Or so they say. But this life. The one you are living right now. This one you get one shot at. How have you done so far? Have you accomplished all you hoped to accomplish at this time in your life? Are you on the track you hoped you’d be on? If you were to die tomorrow would you have any regrets?
It’s been months since my husband has seen our children, and to be quite honest, I am not sure how I feel about it. Everyday that goes by I am sad for them. Sad that they don’t have a dad anymore. Sad that he has done nothing to better his chances of seeing them, sad I have no say in the matter. I used to feel sad for him too, not so much anymore. I spent a lot of time walking around blindly, not seeing him for who he really is. From the things I’ve heard from his friends, the fact that he hasn’t paid any support for them, and the reports I’ve been getting I don’t feel bad anymore. Disappointment is the only feeling I have towards him now.

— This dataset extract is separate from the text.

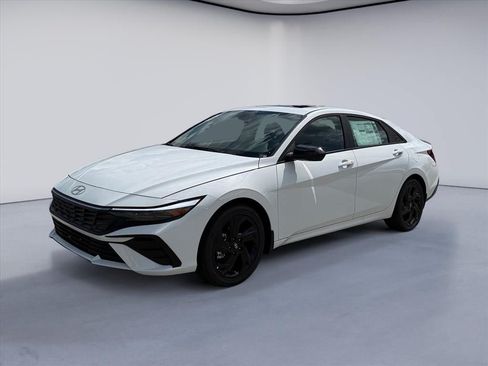 New 2026 Hyundai Elantra SEL Sport FWD image 1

I’ve been forcing myself to remember the negatives of our relationship. All of them. His faults. Mine. I always excused both of our actions. I’ve always made excuses for his sickness. His ability to hit me, verbally abuse me, and feel no remorse.
He will never change. Abusers don’t change.

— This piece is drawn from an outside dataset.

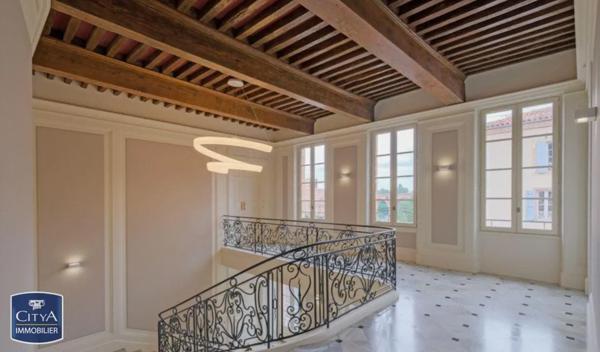 Appartement à louer 2 pièces 37.36m² Albi (81000)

I accept that now. I don’t dwell on him anymore. I’ve moved on in all aspects of my life and I’ve never been happier.
So for now, the kids and I continue to pray for him. For now I work my ass off to support them. We do something new everyday. I’ve been taking them to a new place as often as I can. We’re having fun as a family exploring Long Island. There’s so much left for us to see together and I’m looking forward to what tomorrow brings.